Das Bild, auf dem RWE-Chef Jürgen Großmann (Foto: dpa) der Kanzlerin zuprostet, wurde vor einem halben Jahr zum Symbol für den guten Draht der Regierung zur Atomwirtschaft. Es wirkt wie ein Relikt vergangener Tage. Zufrieden waren die Energieversorger, als Merkel eine Laufzeitverlängerung um durchschnittlich zwölf Jahre durchsetzte. Dann kamen die Katastrophe von Fukushima und eine Kehrtwende der schwarz-gelben Koalition. Sie gipfelte in der Anordnung zum Herunterfahren der ältesten deutschen AKW.
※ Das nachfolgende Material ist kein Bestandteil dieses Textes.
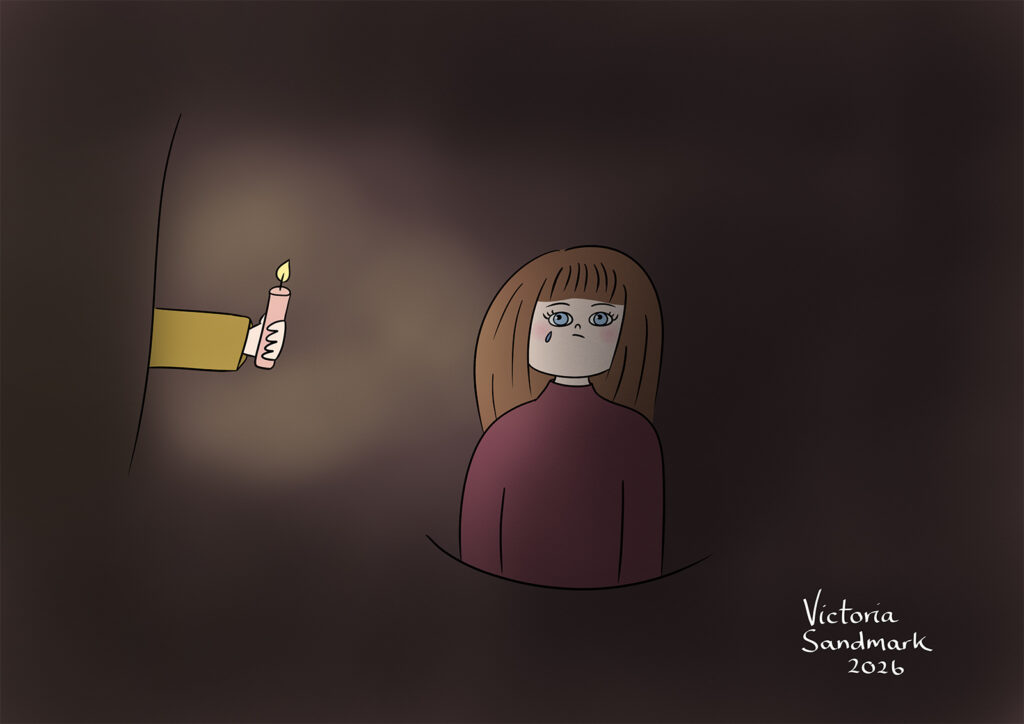 girl crying in the dark, mental health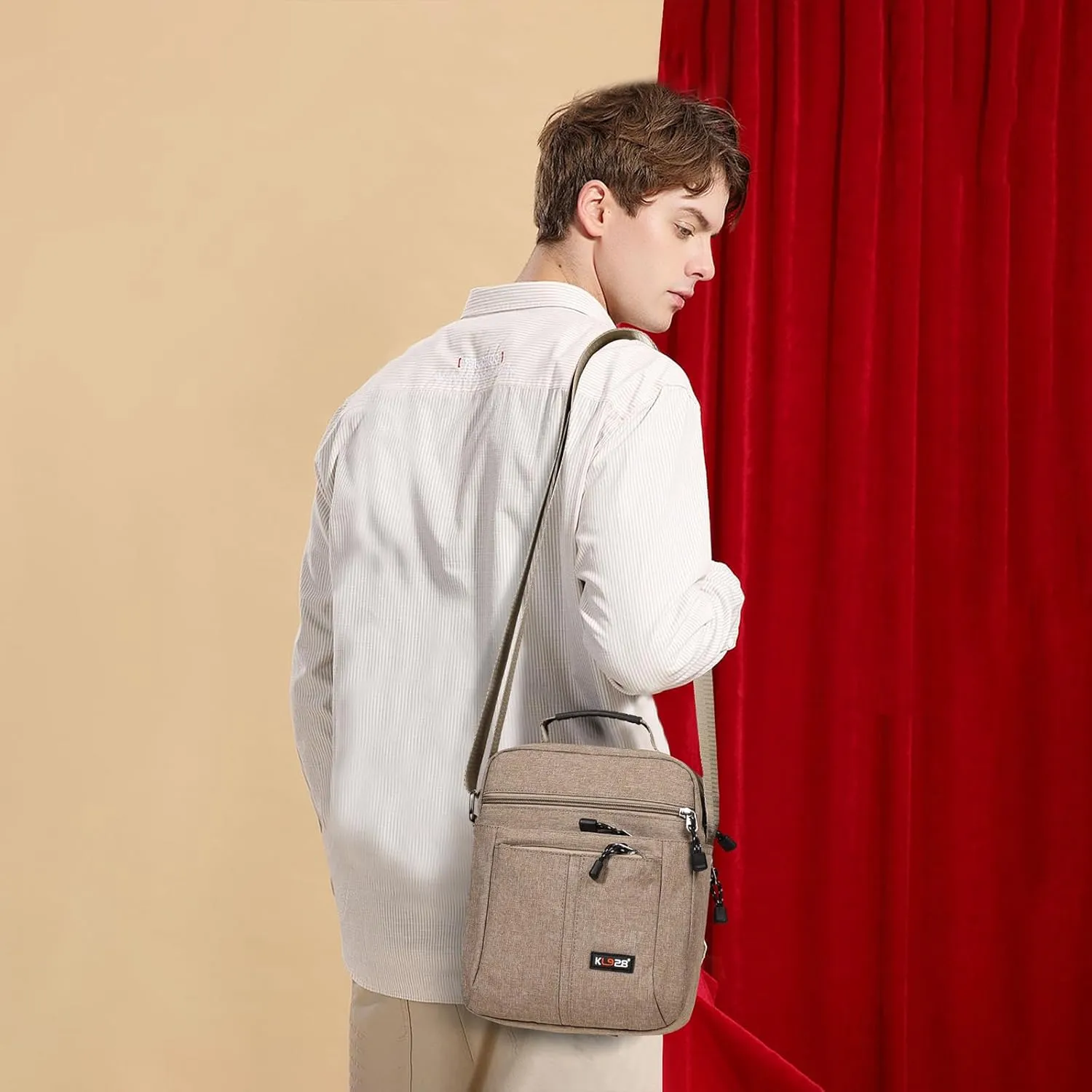 KL928 Men's Messenger Bag - Crossbody Shoulder Bags Travel Bag Man Purse Casual Sling Pack for Work Business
Der Konzern betont, er müsse die Interessen seiner Aktionäre wahren. Mit dem für drei Monate im Rahmen des Atom-Moratoriums verfügten Stillstand von Biblis A entgehen RWE Millionenbeträge. Bei Biblis A geht es allein um 700 000 Euro pro Tag. Hochgerechnet auf drei Monate ergebe das 60 Millionen Euro, die am Ende die Steuerzahler bezahlen müssten, warnt die hessische Fraktionschefin der Linken, Janine Wissler.

Die Beziehung zwischen Großmann und CDU-Chefin Merkel ist nun auf einem Tiefpunkt angekommen. In Regierungskreisen gilt ein endgültiges Aus für den 1974 ans Netz gegangenen Meiler als ausgemacht, Großmann will aber um die Anlage kämpfen.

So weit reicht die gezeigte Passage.